- **How to complete this task**
Once the line containing "Everlane green barrel jeans NWT" is found in the records below, return it and each following line exactly, up to and including the line containing "PREKRŠILA SVA OBEĆANJA", and nothing else.

═════ Data supplied ═════

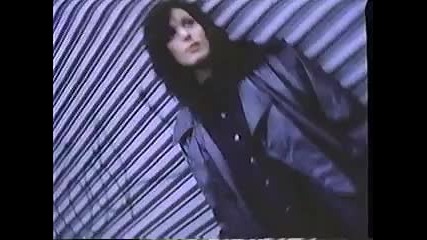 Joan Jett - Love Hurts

═════
═════ Data supplied ═════

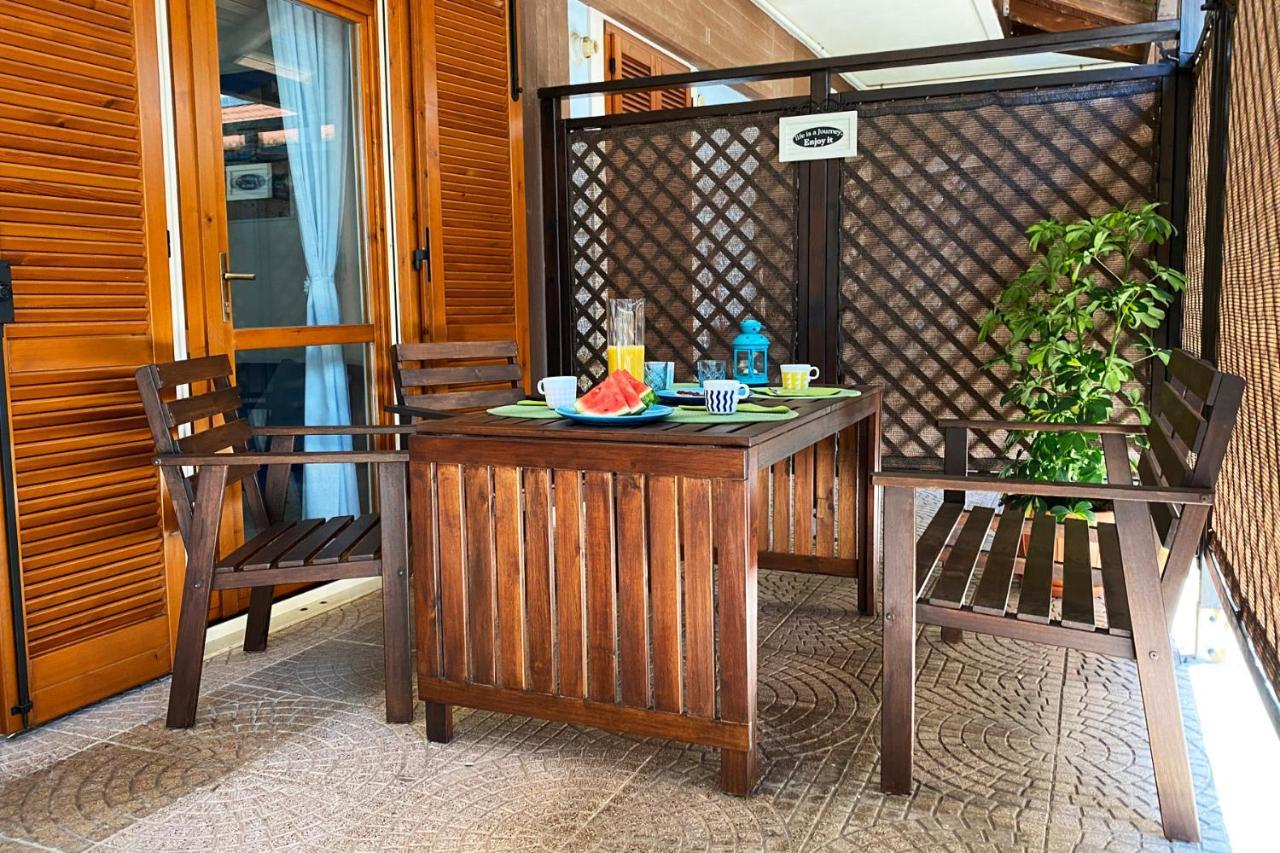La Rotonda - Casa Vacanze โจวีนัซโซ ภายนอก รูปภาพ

═════
═════ Data supplied ═════

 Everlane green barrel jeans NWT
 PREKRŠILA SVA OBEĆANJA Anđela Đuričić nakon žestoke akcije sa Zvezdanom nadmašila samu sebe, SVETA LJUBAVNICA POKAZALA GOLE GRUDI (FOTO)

═════

- **Solved exercise**
 Everlane green barrel jeans NWT
 PREKRŠILA SVA OBEĆANJA Anđela Đuričić nakon žestoke akcije sa Zvezdanom nadmašila samu sebe, SVETA LJUBAVNICA POKAZALA GOLE GRUDI (FOTO)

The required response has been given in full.